Monday, March 5, 2012

Does Kant have a Prescriptive Ethics?

"But who would even want to introduce a new principle of all morality and, as it were, first invent it? Just as if, before him, the world had been ignorant of what duty is or in thoroughgoing error about it." (Critique of Practical Reason, Preface)

"Do you really require that a mode of knowledge which concerns all men should transcend the common understanding, and should only be revealed to you by philosophers?" (Critique of Pure Reason, A831 B859)

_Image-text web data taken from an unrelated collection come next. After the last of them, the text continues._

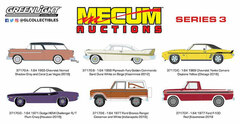 1/64 Mecum Auctions Collector Cars Series 3 6Type Set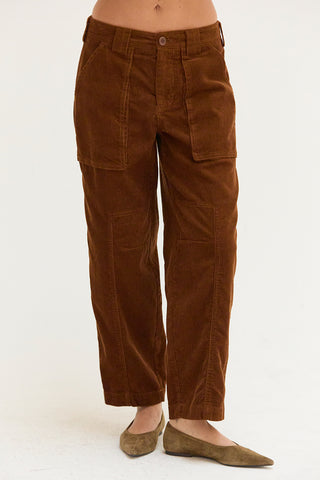 Riley Corduroy Barrel Pants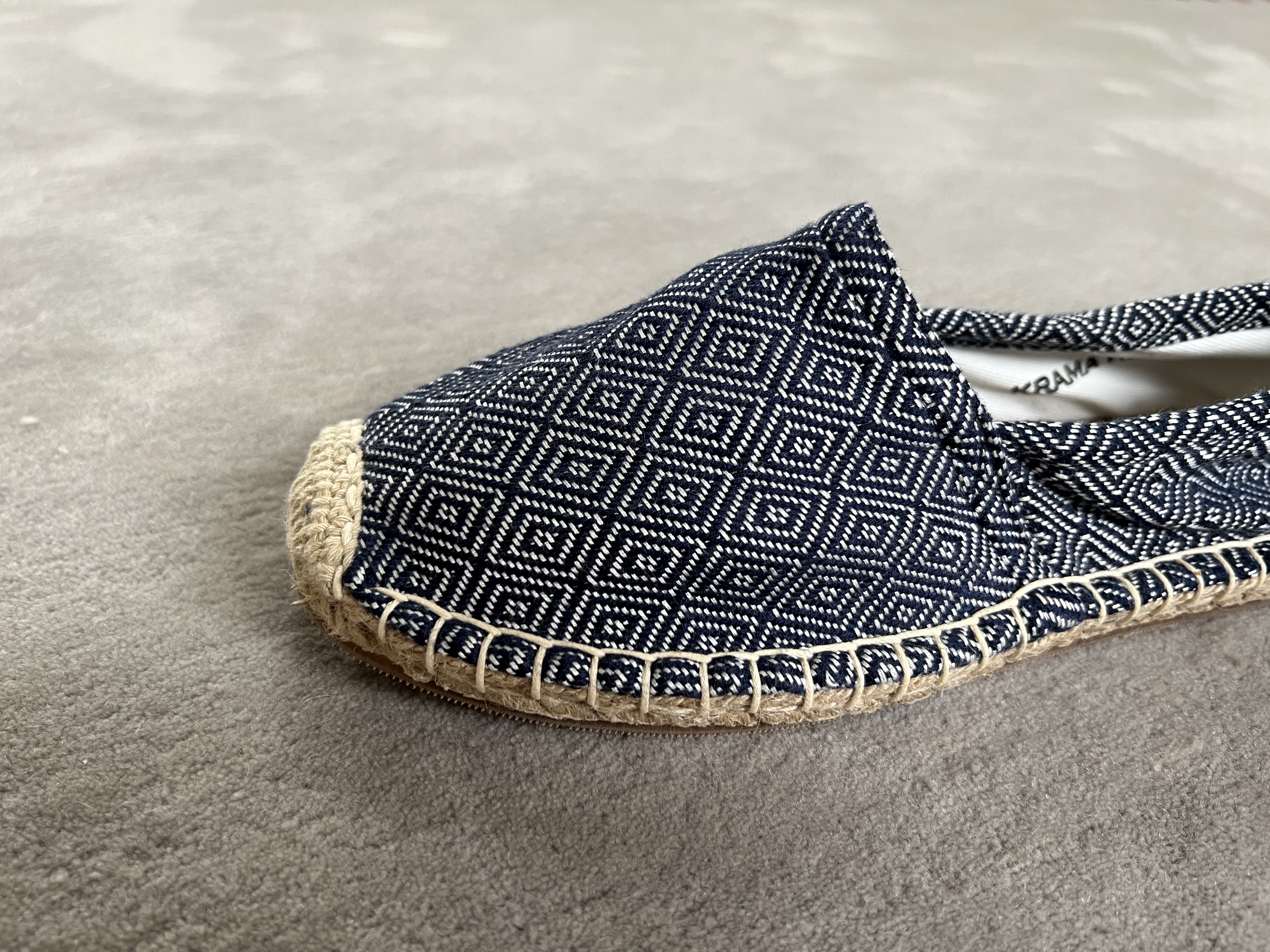 Les espadrilles Krama Heritage Diamond Bleu Marine 3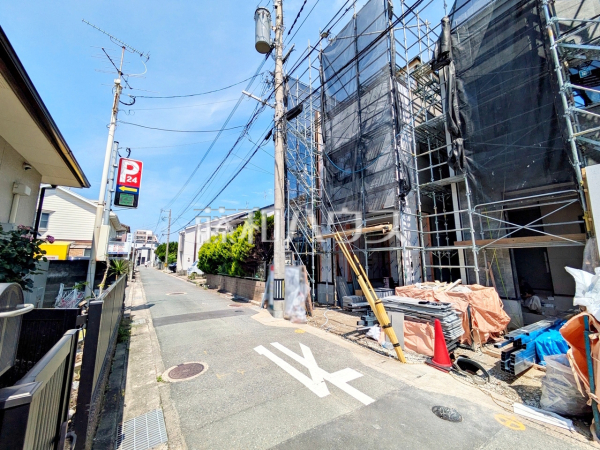 接道状況および現場風景 【福岡市西区小戸3丁目】 接道状況および現場風景 【福岡市西区小戸3丁目】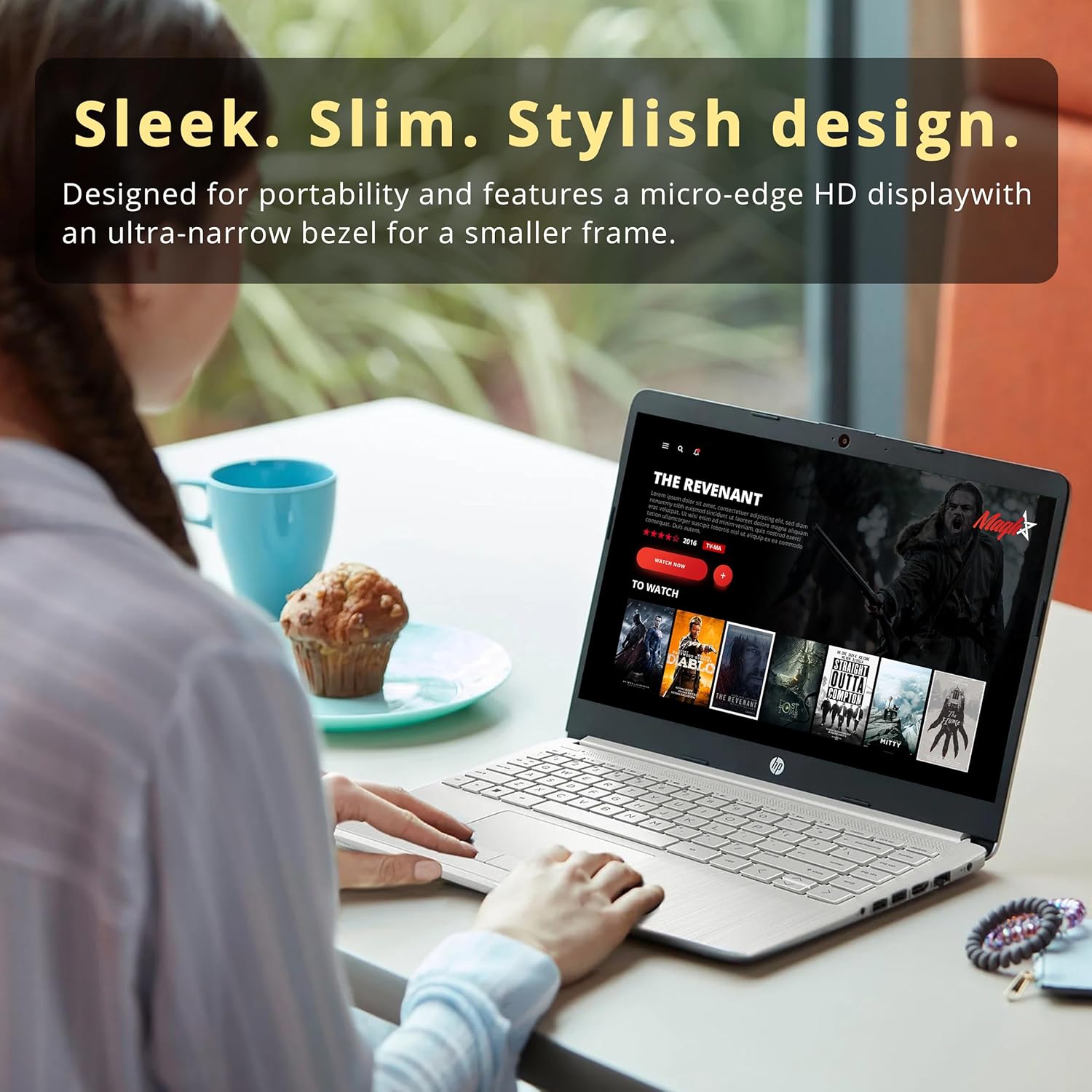 HP Stream 14" HD BrightView Laptop, Intel Celeron N4120 Processor, 8GB RAM, 64GB SSD, Intel UHD Graphics, 720p Webcam, WiFi, HDMI, Win 11 S, Silver (Renewed) - Image 7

   Prescriptive (or Normative) Ethics are often understood as 1) deciding what is right or wrong on a case by case basis according to some procedure, and 2) developing general theories of such a procedure. Kant is often read as having a Prescriptive Ethics with a unique decision procedure that competes with decision procedures of other Prescriptive theories, such as Utilitarianism in its various flavors. I maintain that this understanding of Kant is completely wrongheaded: there is no decision procedure created by Kant; Kant does not use a procedure to determine what things are right or wrong. Because of this I often call Kant a Descriptivist, but this overcorrection is not technically correct, since his pure moral philosophy is not just an empirical investigation into what people generally have said is right or wrong in history (this empirical study Kant calls 'moral anthropology' in the Preface to the Groundwork of the Metaphysics of Morals). Even saying that Kant does a sort of Meta-Ethics, which traditionally deals with what counts as morality or what 'morality' means, does not properly describe what his project is.
   Construing all three of these terms (Prescriptive, Descriptive and Meta-Ethical) in a new way may help us to to get a sense of what Kant is doing. (I am not proposing redefining these terms generally, but only in the scope of this paper to highlight a certain understanding of Kant.)
   Kant's Ethics are Prescriptive in the sense that they recognize that we experience categorical judgments pertaining to morality. What this refers to is that the starting point of morality for Kant is 'duty', or what it's like to know what you ought to do. Prescription in this sense is not determined by any particular person, but rather is something experienced.
   Kant's Ethics are Descriptive in the sense that they try to give a formulation of the general form of 'duty' (what it's like to know what you ought to do). Just as the first critique looks at how experience of objects is possible, the second critique looks at how the experience of 'duty' is possible.
   Kant's Ethics are Meta-Ethics in the sense that they are interested in determining something formal. We begin with 'duty' and then abstract anything experience contributes. If we want to see ethics in action, however, we must look at a specific case. When we ad the specific case, we are also contributing a number of empirical interpretations, which may lead to disagreements - however, not disagreements as to the form of law, but to its particular judgments. The important thing here is that the form is constant, and so deliberation is possible between agents.
   Kant intends his Practical Philosophy to be a formal representation of common reason, and so we should have an interpretation that stays close to that guiding principle. This, however, is only one small step in clarifying Kant's Practical Philosophy.